The Barber

Form now the assemblage of all classes which are not members of themselves. This is a class; is it a member of itself or not?
- Bertrand Russell, Introduction to Mathematical Philosophy (1919)

Does a barber in a certain town who shaves all and only those who do not shave themselves, shave himself?

Russell's famous Barber Paradox was very important to the subject of set theory. It shows that it is possible to derive a contradiction using just the ideas of a set and being a member of a set.

There is a barber in the town of Seville who shaves all and only those men who do not shave themselves. The question arises-- does the barber shave himself or not? If he does shave himself, then, since he shaves only those who do not shave themselves, then he does not shave himself. And if he does not shave himself, then since he shaves all those who do not shave themselves, then he does shave himself. That is, if he does, he doesn't, and if he doesn't, he does!

This same puzzle can be put in the language of sets. Consider the set of all edible things. This set is itself edible, and so the set of all edible things is a member of itself. Now consider the set of all cats. This set is not a cat, and so the set of all cats is not a member of itself. Now consider the set of all sets that are not members of themselves. This set would include the set of cats, the set of trees, and so on. But does this set include itself?
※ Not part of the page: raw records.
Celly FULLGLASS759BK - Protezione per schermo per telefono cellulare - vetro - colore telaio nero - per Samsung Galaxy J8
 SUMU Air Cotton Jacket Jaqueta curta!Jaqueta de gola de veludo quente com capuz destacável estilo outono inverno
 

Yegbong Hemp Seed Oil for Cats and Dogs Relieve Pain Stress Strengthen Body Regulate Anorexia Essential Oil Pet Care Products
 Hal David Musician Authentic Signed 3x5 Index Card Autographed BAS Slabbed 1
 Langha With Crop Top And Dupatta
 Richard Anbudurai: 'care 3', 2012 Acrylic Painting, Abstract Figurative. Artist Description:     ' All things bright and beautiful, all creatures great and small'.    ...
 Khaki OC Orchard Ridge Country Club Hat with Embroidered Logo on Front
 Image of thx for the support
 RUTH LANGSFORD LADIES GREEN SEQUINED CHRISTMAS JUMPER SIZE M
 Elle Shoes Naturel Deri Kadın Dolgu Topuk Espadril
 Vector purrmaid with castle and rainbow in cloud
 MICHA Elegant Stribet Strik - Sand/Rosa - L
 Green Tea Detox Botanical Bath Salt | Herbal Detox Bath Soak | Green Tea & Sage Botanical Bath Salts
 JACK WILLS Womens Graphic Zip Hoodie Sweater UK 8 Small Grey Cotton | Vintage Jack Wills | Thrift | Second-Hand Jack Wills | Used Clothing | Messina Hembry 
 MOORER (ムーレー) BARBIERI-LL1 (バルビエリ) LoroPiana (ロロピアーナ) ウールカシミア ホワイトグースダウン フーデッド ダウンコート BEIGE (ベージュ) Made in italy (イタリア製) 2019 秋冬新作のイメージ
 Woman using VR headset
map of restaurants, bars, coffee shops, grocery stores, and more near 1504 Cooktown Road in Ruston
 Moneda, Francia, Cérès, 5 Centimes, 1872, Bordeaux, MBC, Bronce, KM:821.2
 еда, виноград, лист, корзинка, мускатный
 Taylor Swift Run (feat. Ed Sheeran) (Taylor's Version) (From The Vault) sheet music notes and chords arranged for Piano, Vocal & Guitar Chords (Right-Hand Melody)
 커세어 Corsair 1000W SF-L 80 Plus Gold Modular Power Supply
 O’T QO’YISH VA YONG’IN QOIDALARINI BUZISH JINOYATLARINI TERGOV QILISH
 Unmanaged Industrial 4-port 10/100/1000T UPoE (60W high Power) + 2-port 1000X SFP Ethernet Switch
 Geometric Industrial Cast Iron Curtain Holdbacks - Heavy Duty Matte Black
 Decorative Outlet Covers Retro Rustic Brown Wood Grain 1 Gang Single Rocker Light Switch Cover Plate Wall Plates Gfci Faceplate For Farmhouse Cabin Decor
If it does, it doesn't, and if it doesn't, it does.

Russell's solution to this paradox is simply to deny that sets can be members of themselves. There are cats, trees, and sets, but sets are a different type of thing from cats, and you shouldn't talk about both the same way. Russell developed a whole theory, called the Theory of Types, to account for this.

How does Russell'$ solution to this puzzle about sets apply to the Barber Paradox? Can you come up with a better solution to either problem?

Bibliography

Russell, Bertrand, Introduction to Mathematical Philosophy, 1919.